En compétition officielle au festival de Film francophone d'Angoulême, le dernier long-métrage de Nadir Moknèche, "L'air de la mer rend libre" (en salles le 4 octobre), suit le parcours d'un jeune couple maghrébin contraint à une union arrangée pour préserver les apparences. En se confrontant aux interdits, le réalisateur livre un film posé et intelligent, d'une douceur salvatrice.
Un mariage arrangé peut-il enterrer le passé ? Cette question, posée comme l'éléphant au milieu du salon d'un jeune couple fraîchement marié, est au cœur du nouveau long-métrage de Nadir Moknèche (Le Harem de Madame Osmane (2000), Lola Pater (2017)) dans lequel deux jeunes gens acceptent une union qu'ils n'ont pas choisie.
Leurs deux familles veulent les unir pour laver une honte. Elle a eu une histoire d'amour avec un délinquant, lui aime les garçons.
"Je n'ai pas de baromètre, je ne peux pas vous dire le nombre de couples qui sont confrontés à un mariage arrangé, mais je sais que ces histoires existent, explique Nadir Moknèche. Je sais que pour certains, il est important de ne pas rompre avec sa famille. Car rompre avec sa famille, ça veut dire solitude, un moment de détresse. Et Saïd le sait."
Ni lui, ni Hadjira n'a connaissance de la honte qui mène l'autre à se plier à ce mariage. Nadir Moknèche décrit avec sobriété l'implacable pression, tout en sourires et en "c'est-pour-ton-bien" qui s'impose au jeune couple.
Le film dit la pression sur les filles pour qu'elles soient des filles bien, des filles vertueuses
Nadir MoknècheRéalisateur de "L'air de la mer rend libre"
"Je suis parti de l'idée qu'il n'y aurait pas de violences physiques. Des violences psychologiques, oui, mais pas de violences physiques", poursuit Nadir Moknèche. Tout juste verra-t-on le père, interprété par Zinedine Soualem, se lever brutalement de colère, et, la mère, interprétée par Saadia Bentaïeb, lancer un "va-t'en" implacable.

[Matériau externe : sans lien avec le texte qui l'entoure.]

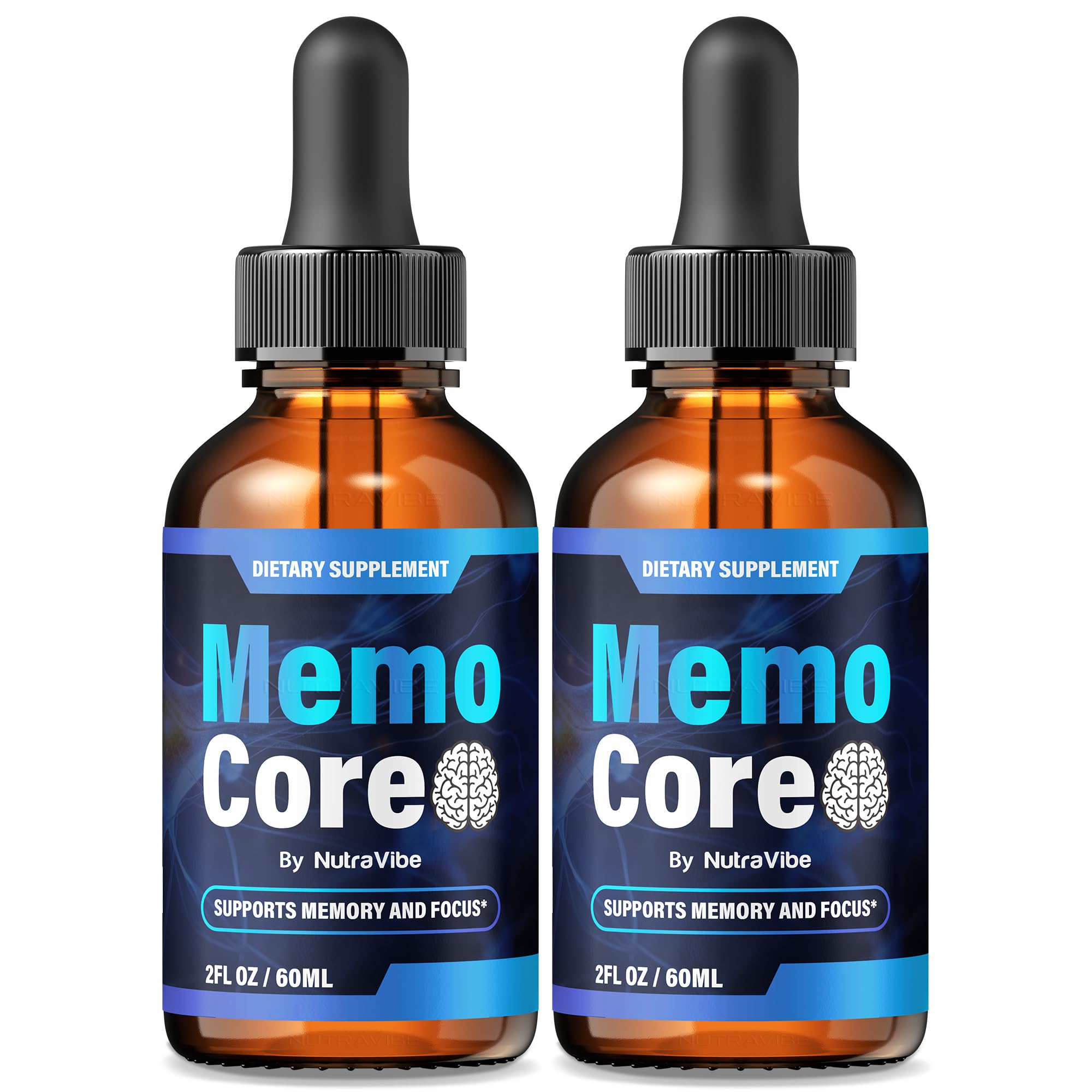 NutraVibe Memo Core drops bottle front with easy dosing for daily memory support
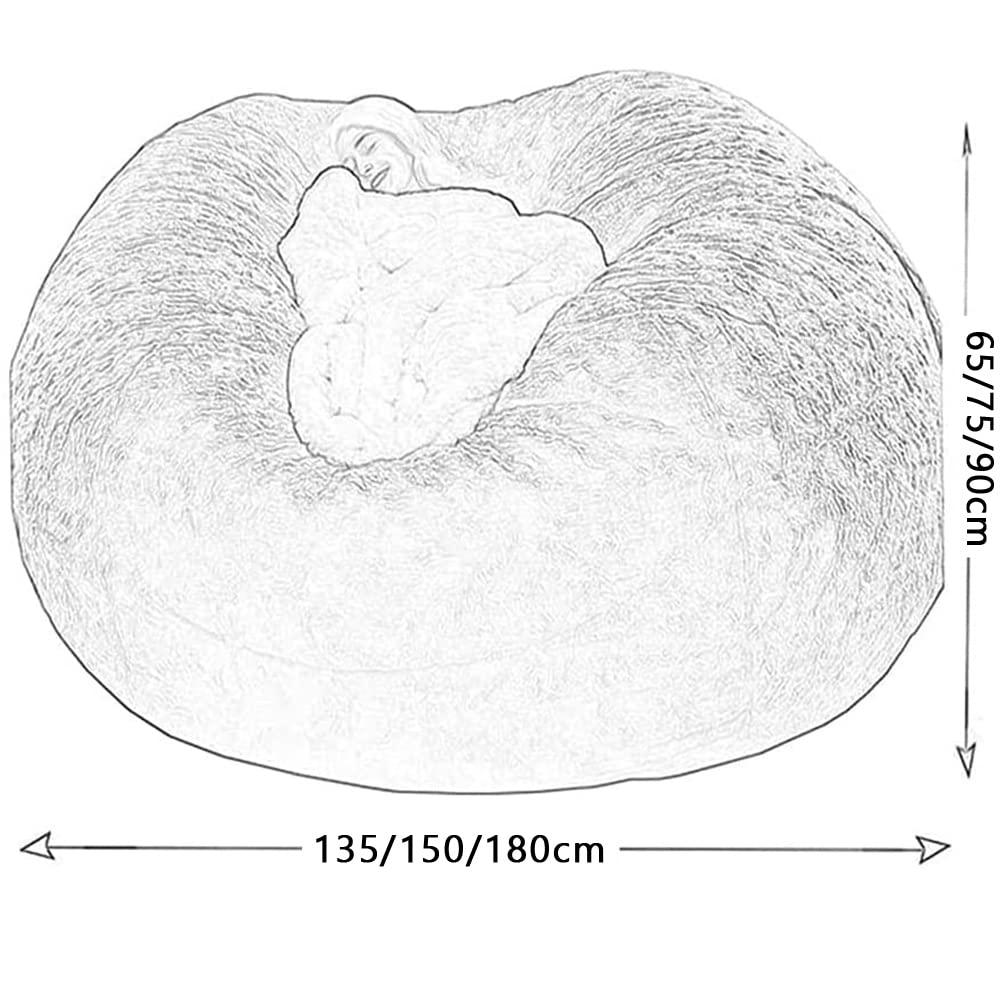 RTYHN Faux Fur Bean Bag,Adults Luxurious Giant 5/6/7ft Huge Bean Bag Chair,Ultra Soft Bean Bag Chair(No Filler)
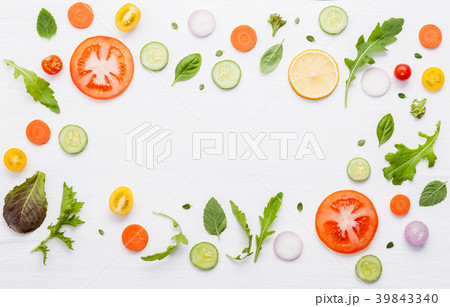Food pattern with raw ingredients of salad. Food pattern with raw ingredients of salad. 39843340
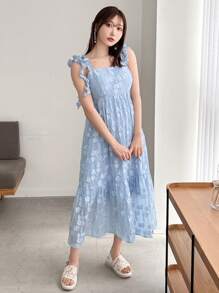 FRIFUL Women's Solid Color Strap Holiday Style Mid-Length Dress,Ruffle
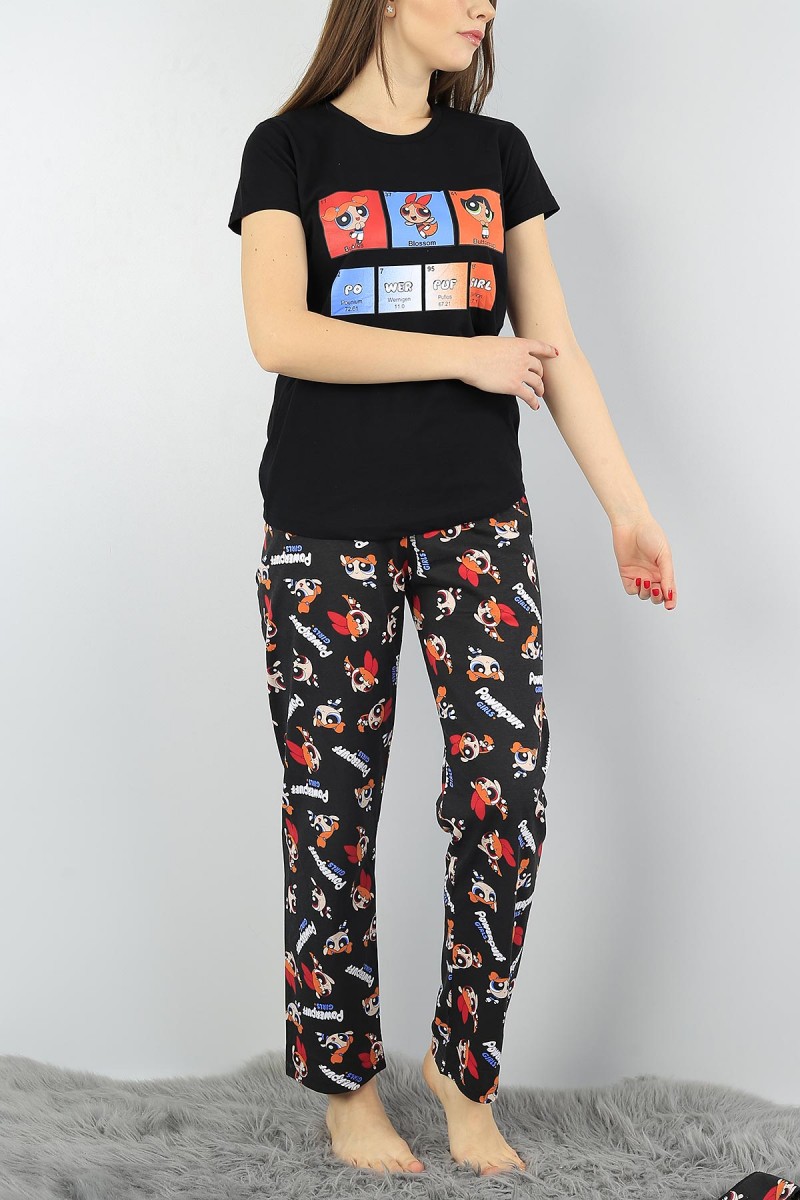 Siyah Baskılı Bayan Pijama Takımı 56822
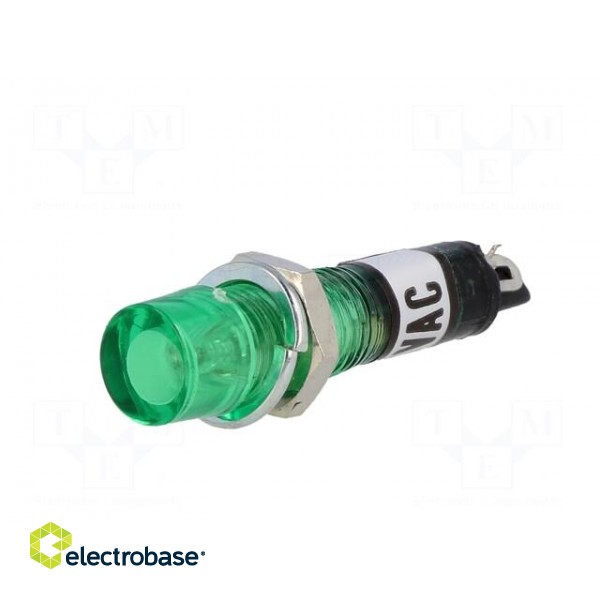 Indicator: with neon lamp | recessed | green | 230VAC | Cutout: Ø7.5mm фото 2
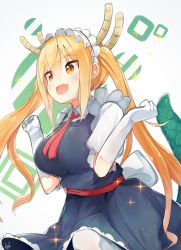 Rule 34 | 1girl, :d, black dress, blonde hair, blush, breasts, cowboy shot, dragon girl, dragon horns, dragon tail, dress, fang, frilled dress, frills, gloves, hair between eyes, hands up, highres, horns, kobayashi-san chi no maidragon, large breasts, large tail, liely, long hair, looking away, maid, maid headdress, necktie, open mouth, pantyhose, red necktie, sidelocks, signature, skin fang, slit pupils, smile, solo, sparkle, standing, tail, tohru (maidragon), twintails, very long hair, white gloves, wing collar, yellow eyes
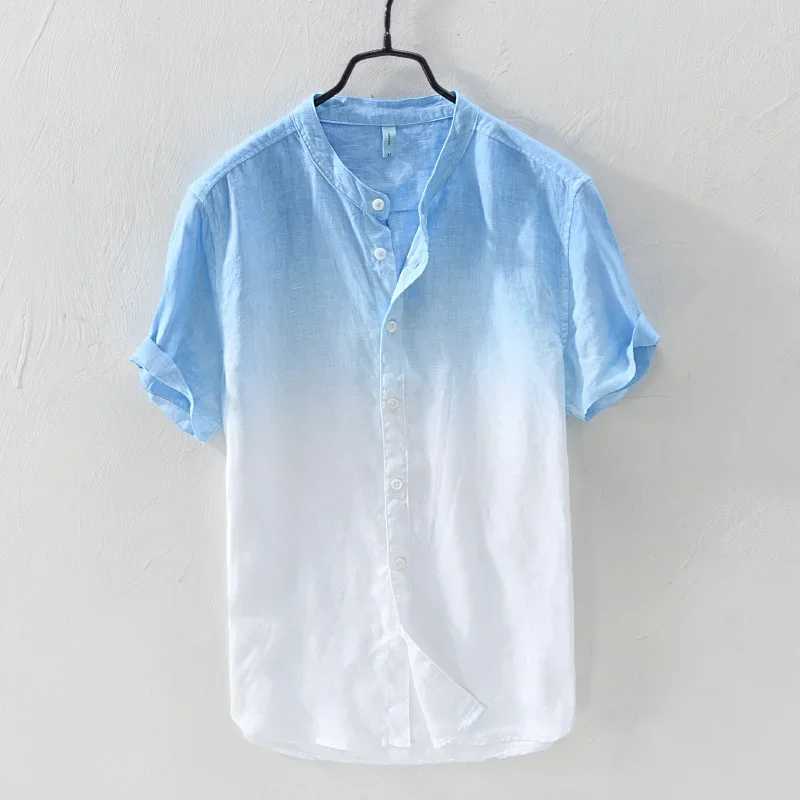 Short sleeved 100% linen cool breathable comfortable and healthy material gradient beach mens cardigan X250410
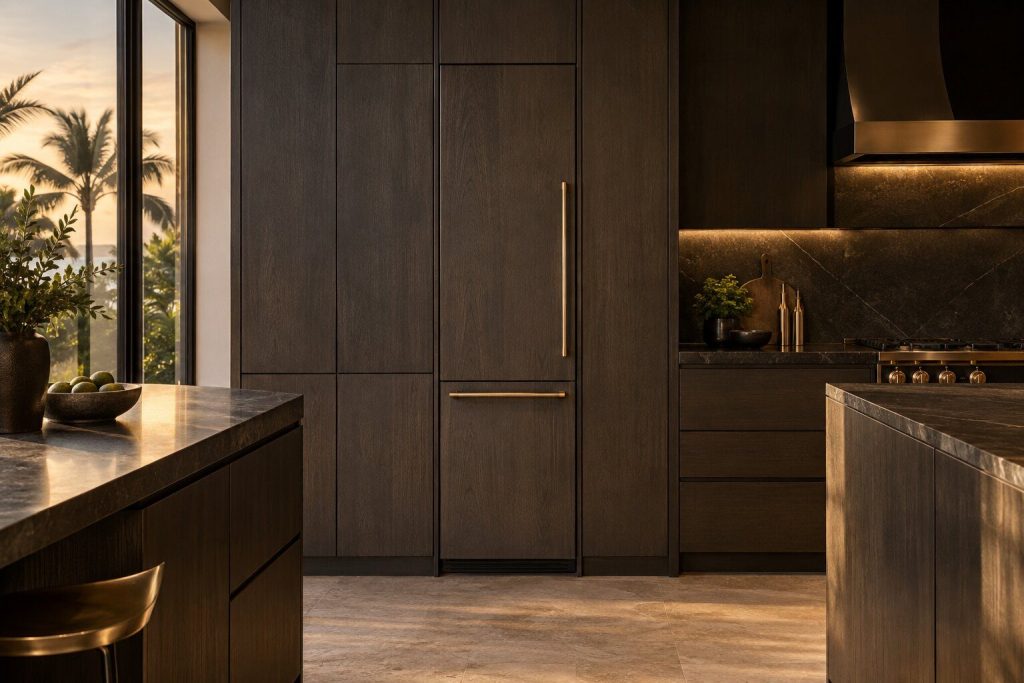 A 24-inch panel-ready refrigerator column standing in a run of dark fitted cabinetry in a kitchen, in warm low light.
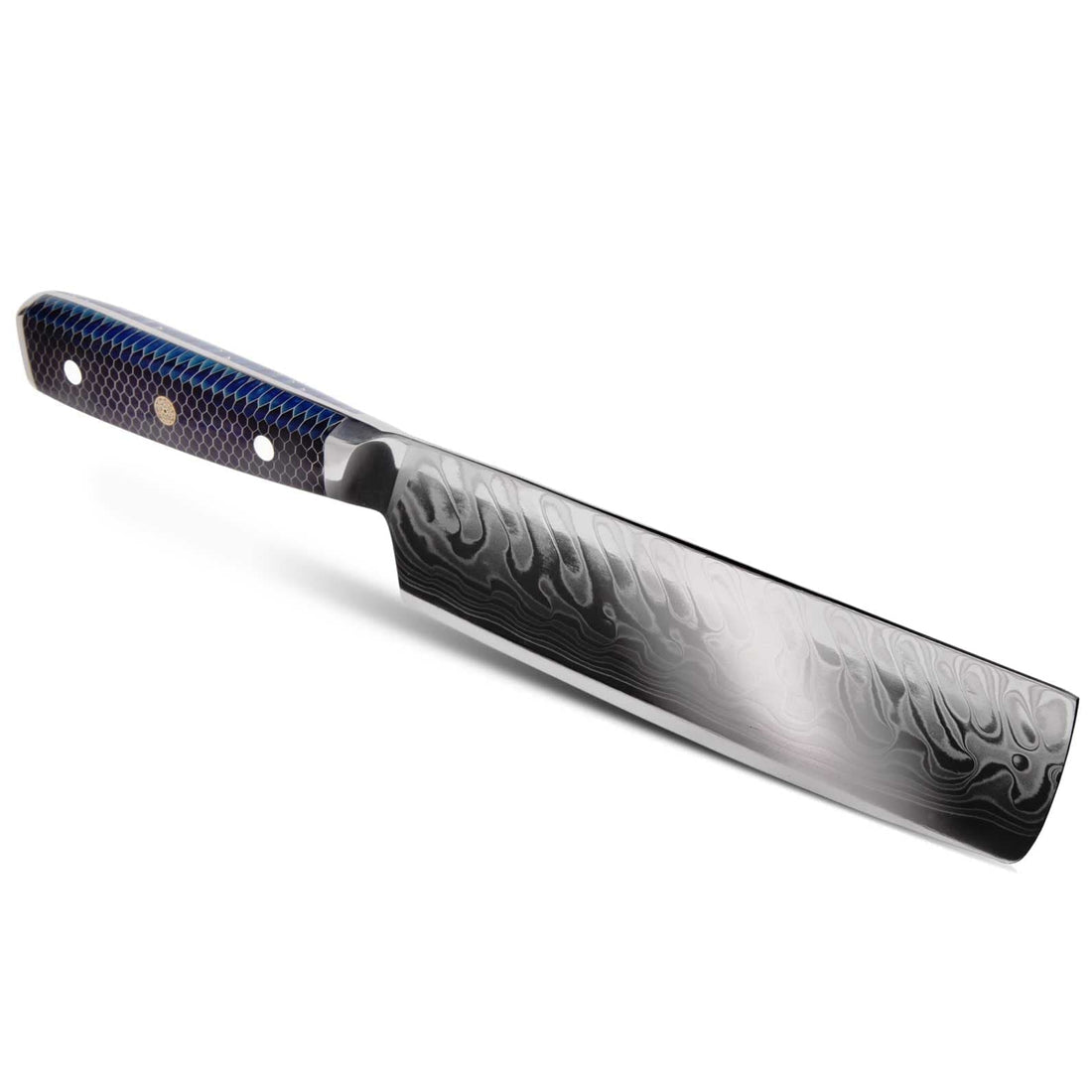 CHEF SUPPLY CO Kitchen Knives Dark Tessellation Series 18 cm - 7 inch AUS-10 Damascus Nakiri Vegetable Knife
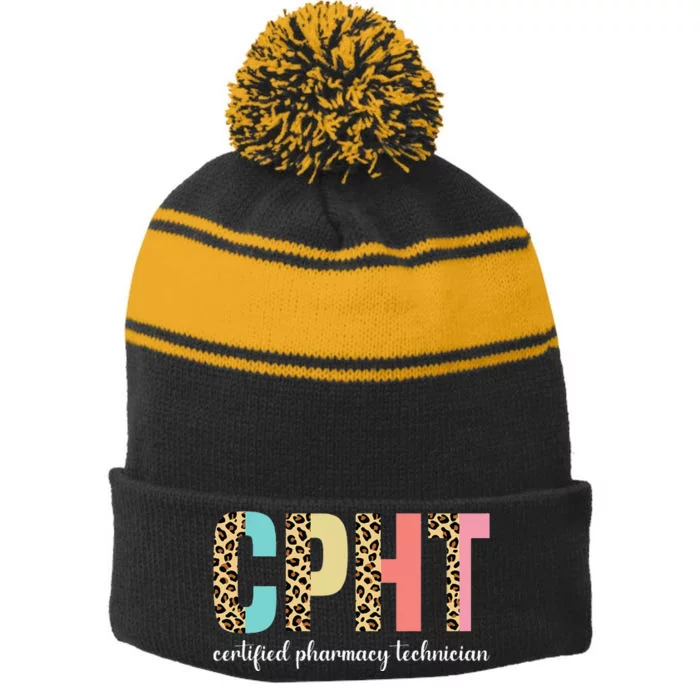 CPHT Leopard Certified Pharmacy Technician Stripe Pom Pom Beanie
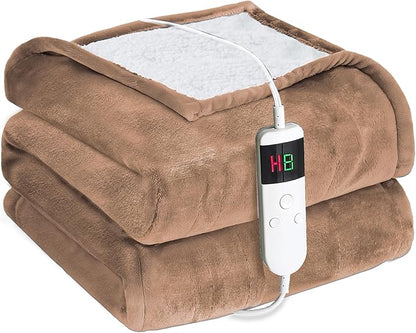 Electric Heated Blanket Full Size 72''x84''-Control Heating Blanket, Soft & Warm Flannel 10-Level Temperature Control, 8 Hours Auto Off, Rapid Heating & Overheat Protection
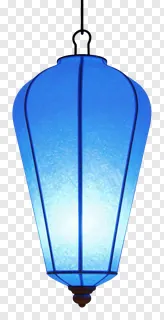 A blue glass hanging lantern with a glowing interior.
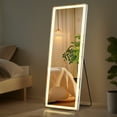thumbnail image 5 of EDX LED 3 Color Lighting Full Body Mirror 71"x 26" Rectangle Floor Mirror with Lights Wall Mounted Free Standing Leaning for Home, White, 5 of 8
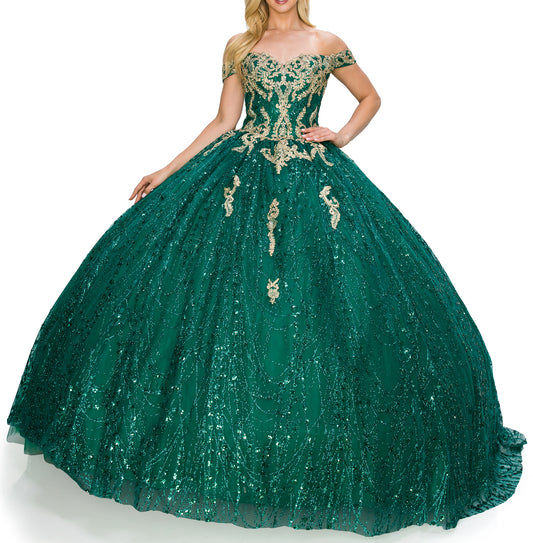 Hunter Green Quinceanera | Strapless Sweetheart Neckline and Lace-up Glittering Corset Quince ballgown - front view of woman wearing dress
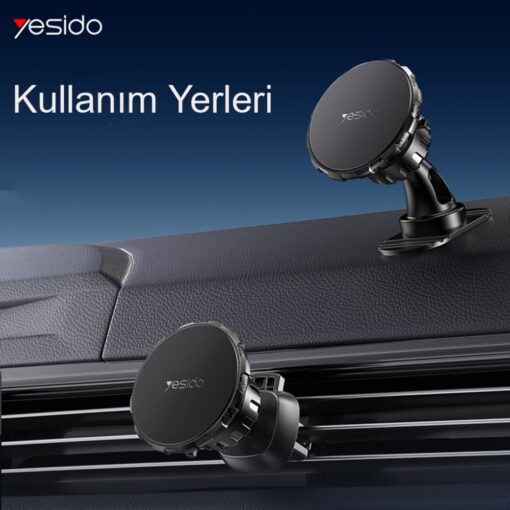 Yesido C153 2in1 Izgara Klipsli ve Yapışkanlı 360 Derece Ayarlanabilir Manyetik Magsafe Araç Tutucu - Görsel 4
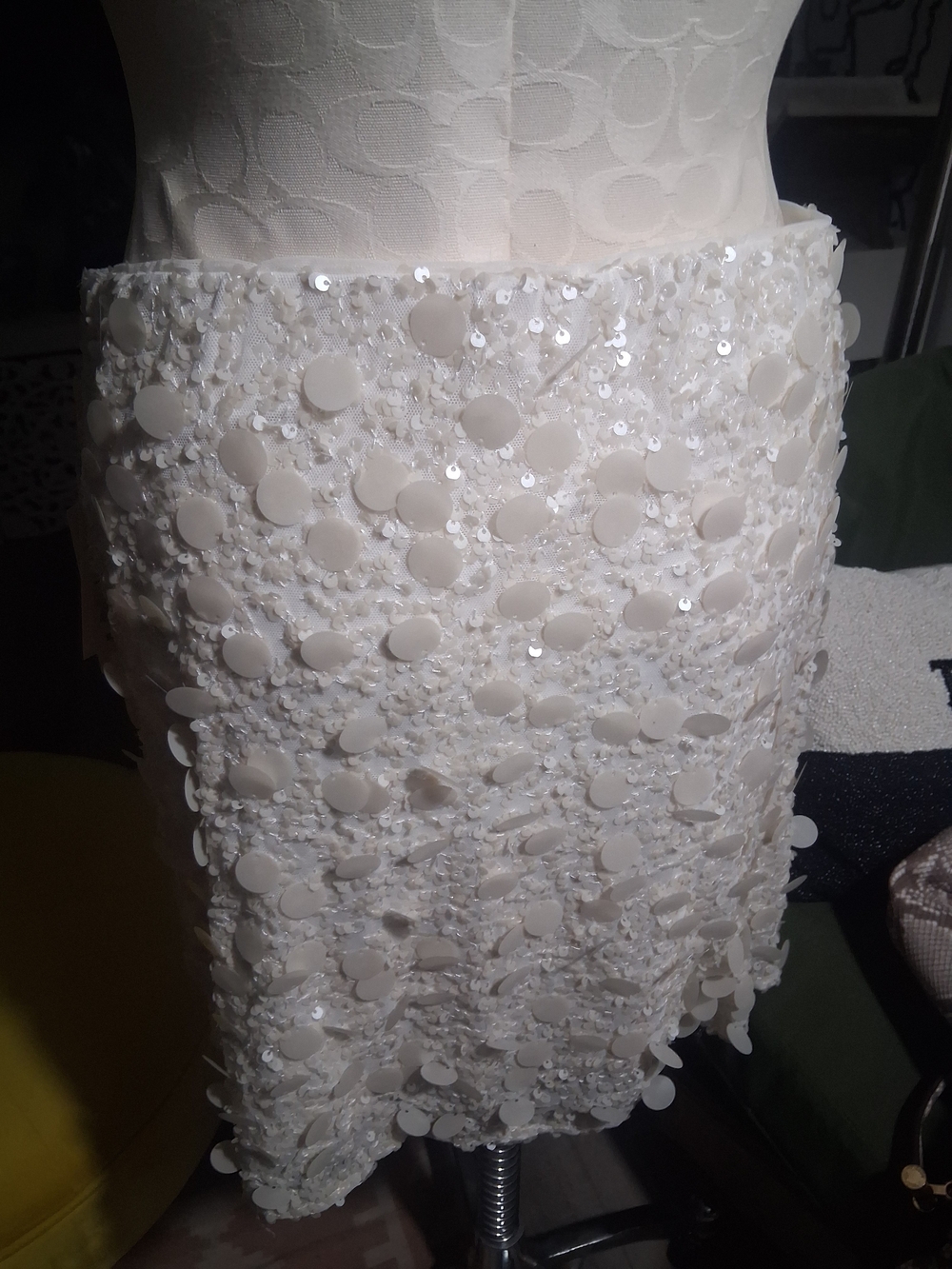 A New Day Nwt Ivory Sequin Evening Skirt M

Le film dit "la pression sur les filles pour qu'elles soient des filles bien, des filles vertueuses, je parle des filles arabes. Elle fait une petite erreur, pas très grave, et on la punit", constate le réalisateur.
À l'écran, son actrice, Kenza Fortas, fait vivre une jeune femme forte, prête à aller au bout de ce qu'on attend d'elle. "J'ai abordé le sujet avec une certaine bienveillance, une certaine douceur. Je voulais montrer ce qui se passe, mais sans en faire une généralité", explique-t-elle. Mais face aux inconséquences de sa mère, son personnage va être amené à évoluer.
Saïd, un corps hypersexualisé
Saïd, lui, continue à vivre en secret sa sexualité. Le soir, pour vivre son propre désir pour les hommes, il part courir. À l'image, on assiste à sa transformation. Le jeune marié troque ses habits de boucher modèle, employé dans la boutique familiale, pour un jogging moulant, banane en bandoulière et casquette vissée sur la tête. Saïd devient un corps hypersexualisé. Nadir Moknèche s'applique alors à déconstruire cette image caricaturale d'un jeune homme arabe de banlieue.
"Nadir disait qu'il a eu l'idée du film en constatant que, si un jour, un jeune homme tape sur Internet 'jeune, arabe et homosexuel', il ne tomberait que sur du porno et il s'est dit que ce n'était pas possible, se souvient Youssouf Abi-Ayad qui interprète Saïd. Alors que, si tu tapes la même chose avec le mot français, il y aura d'autres représentations, amoureuses. Il a voulu montrer d'autres formes de récit."
Divisé en plusieurs parties, chacune dédiée à la perspective et au cheminement d'un personnage du film, L'air de la mer rend libre construit posément une histoire moderne dans laquelle un jeune couple contraint va apprendre au contact l'un de l'autre à retrouver sa liberté. Il se pourrait qu'elle se trouve dans le désir de l'un des personnages de revoir la mer, celle qui donne son titre au film.